• Brief:
Would you transcribe the entries below, beginning at the line with "Wood Charro - Rose" and ending after the line with "Poster - Sale", exactly, with no picture and nothing more?

• Input data:
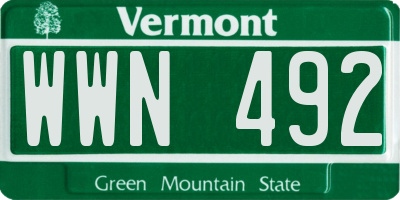 VT license plate WWN492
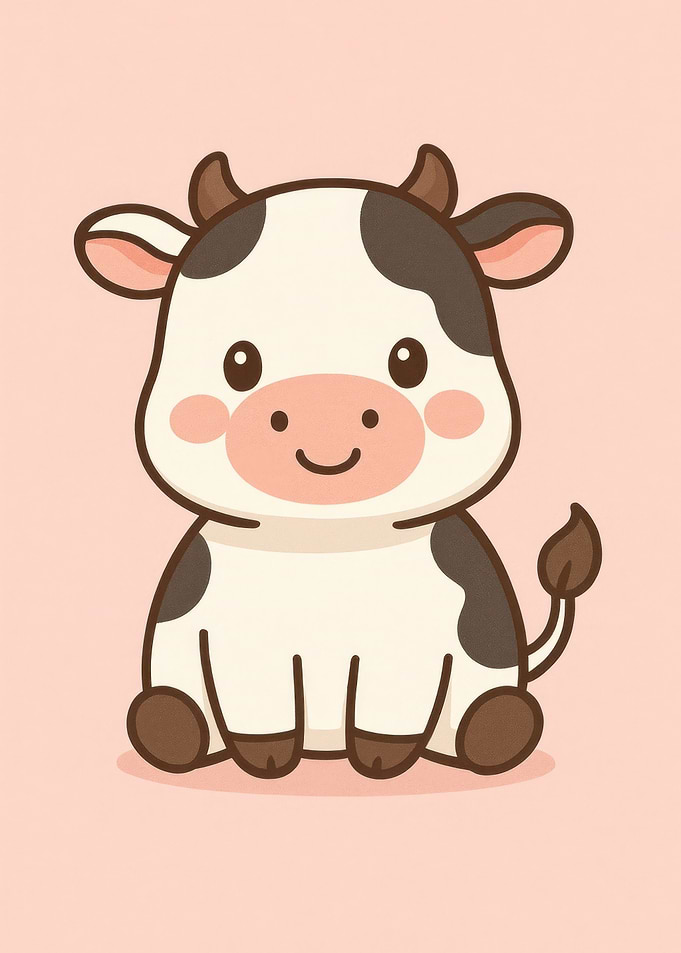 Cute Kawaii Cartoon Cow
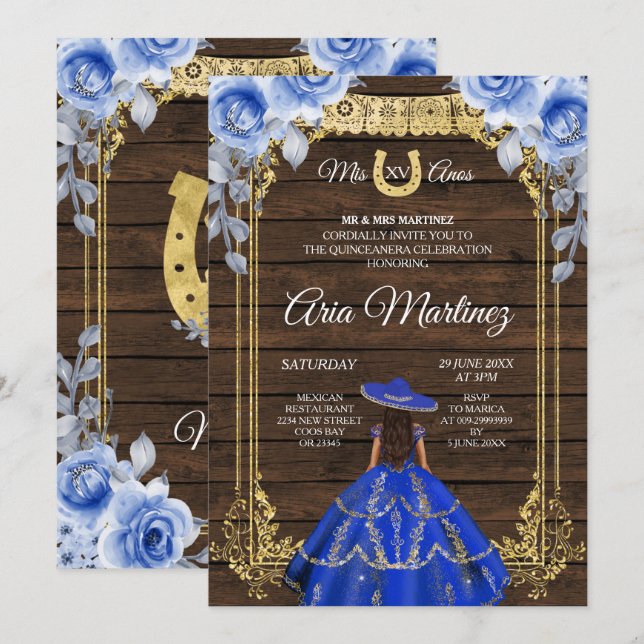 Wood Charro - Rose der Marine Prinzessin Mis Quinc Einladung (Vorne/Hinten)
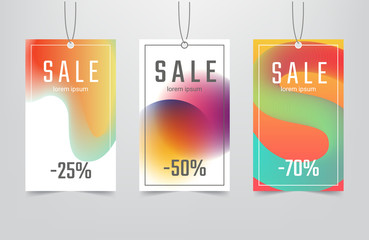 Poster - Sale tag collection with abstract blur colorful fluid background. Modern rectangular discount labels. Applicable for advertising in store, flyers, banners, posters. Vector eps 10.
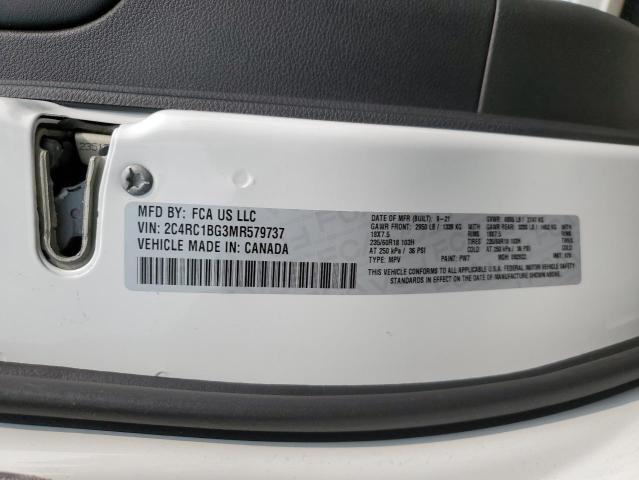 2C4RC1BG3MR579737 - 2021 CHRYSLER PACIFICA TOURING L WHITE photo 13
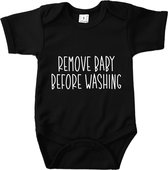 Baby Romper - Remove Baby Before Washing - Maat 56 - Zwart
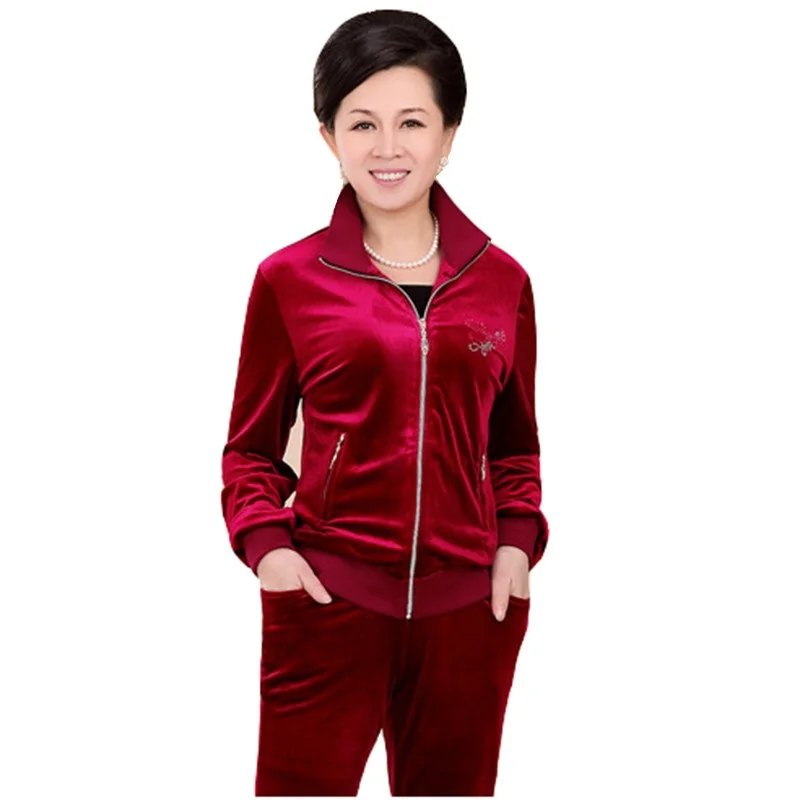 Новый Бархатный спортивный костюм для женщин на весну и осень новый матери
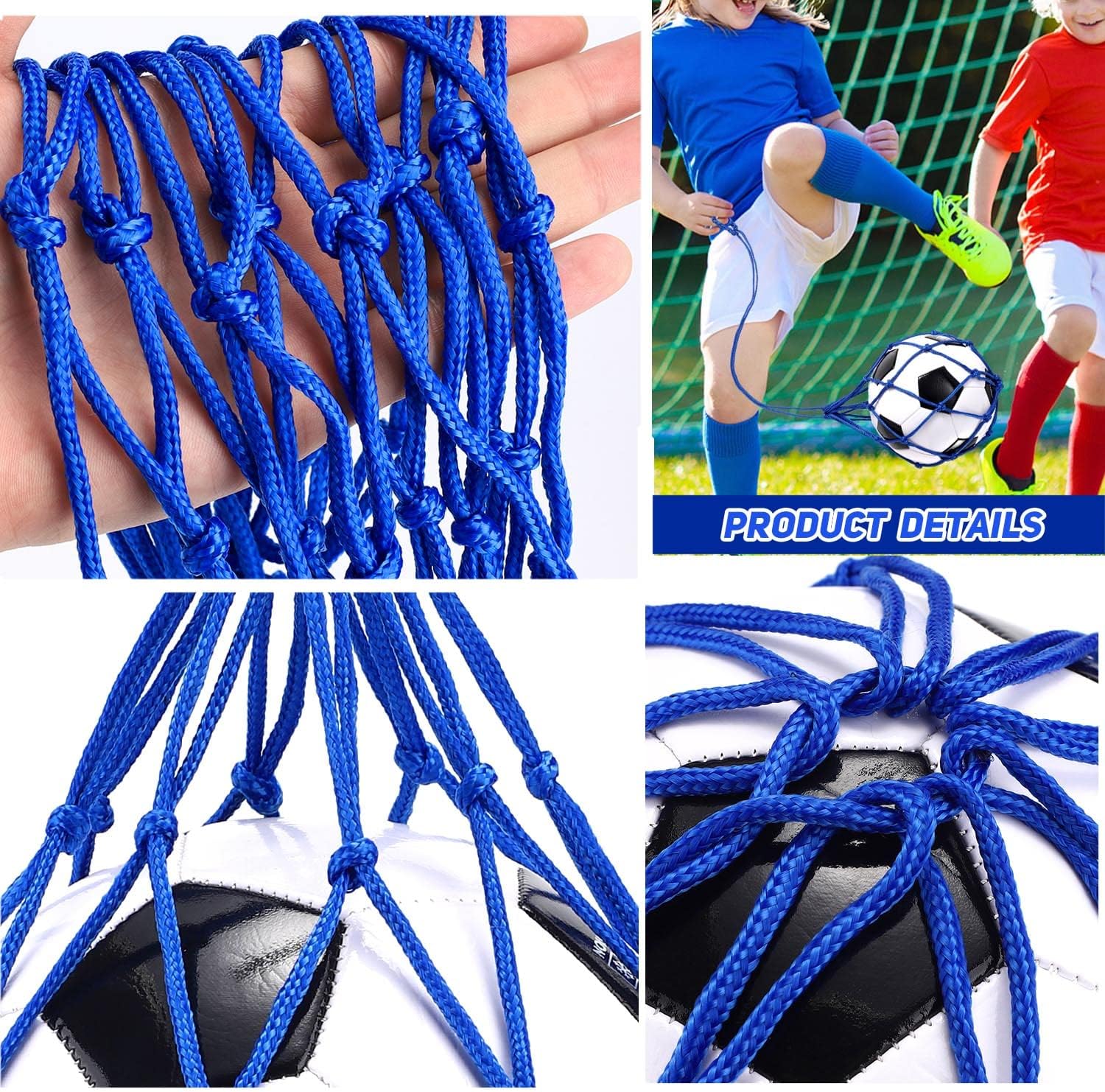 TOBWOLF 2PCS Football Kick Trainer, Soccer Return Trainer Net Fits Ball Size 3, 4, 5, Hands-Free Football Kick Throw Solo Practice Training Aid, Adjustable Waist Belt Soccer Ball Trainer Net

• Answer area:
 Wood Charro - Rose der Marine Prinzessin Mis Quinc Einladung (Vorne/Hinten)
 Poster - Sale tag collection with abstract blur colorful fluid background. Modern rectangular discount labels. Applicable for advertising in store, flyers, banners, posters. Vector eps 10.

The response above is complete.